Kritik an der Wahl des Reformationstags
Die Entscheidung der vier norddeutschen Landesparlamente für den Reformationstag war umstritten. Die katholische Kirche lehnte dies mit dem Hinweis ab, die Reformation stehe für die Spaltung des Christentums. Kritik kam auch von Vertretern des Judentums und anderer religiöser Vereinigungen. Vor allem Vertreter jüdischer Gemeinden begründeten ihre ablehnende Haltung unter anderem mit einer antisemitischen Schrift des Reformators Luther, in der dieser die Vertreibung der Juden gefordert habe. Die Arbeitgeber beklagten wegen des zusätzlichen freien Tages zudem Millionenverluste für die Wirtschaft. Als Alternativen zum Reformationstag waren unter anderem der Buß- und Bettag, der Europatag am 9. Mai und der internationale Frauentag am 8. März im Gespräch.
Auch am 31. Oktober: Halloween
Viele Menschen verbinden den 31. Oktober inzwischen mit Halloween.

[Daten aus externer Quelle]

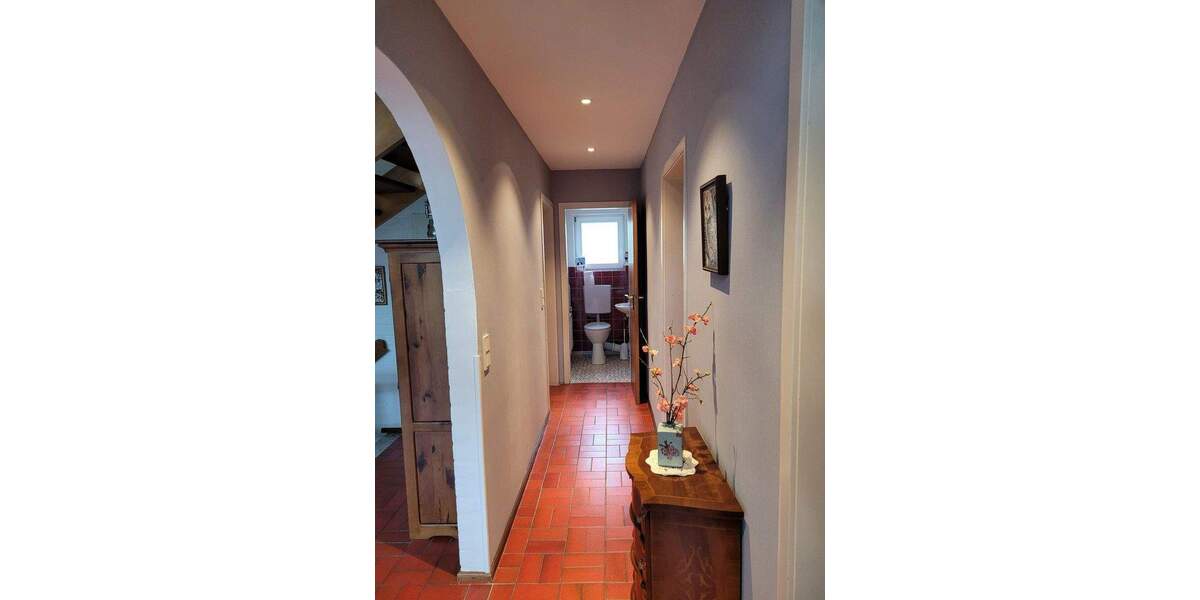 Einfamilienhaus Klein-Umstadt Umstadt - 7 Zimmer, 120 m&sup2;, 660.000&euro; | Angebot:25748748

Der uralte Brauch der Kelten, an diesem Tag ihren Jahreswechsel zu feiern, ist mit dem Umweg über die USA mittlerweile zu einem Anlass für Verkleidungs- und Gruselpartys geworden. Gruppen von Kindern ziehen durch die Straßen und fordern von Nachbarn und Geschäftsleuten "Süßes oder Saures".
Gedenk- und Feiertage im November und ihre Bedeutung
Der Reformationstag am 31. Oktober läutet eine ganze Reihe weiterer Gedenk- und Feiertage im "dunklen" Monat November ein. Still oder in der Öffentlichkeit wird zumeist der Toten gedacht.
Hinweis der Redaktion: In einer früheren Version des Artikels hieß es, Luther habe die Bibel aus dem Lateinischen ins Deutsche übersetzt. Das ist nicht korrekt. Das Neue Testament übersetzte er aus dem Griechischen, die Grundlage für seine Übersetzung des Alten Testaments waren größtenteils Texte in hebräischer und aramäischer Sprache.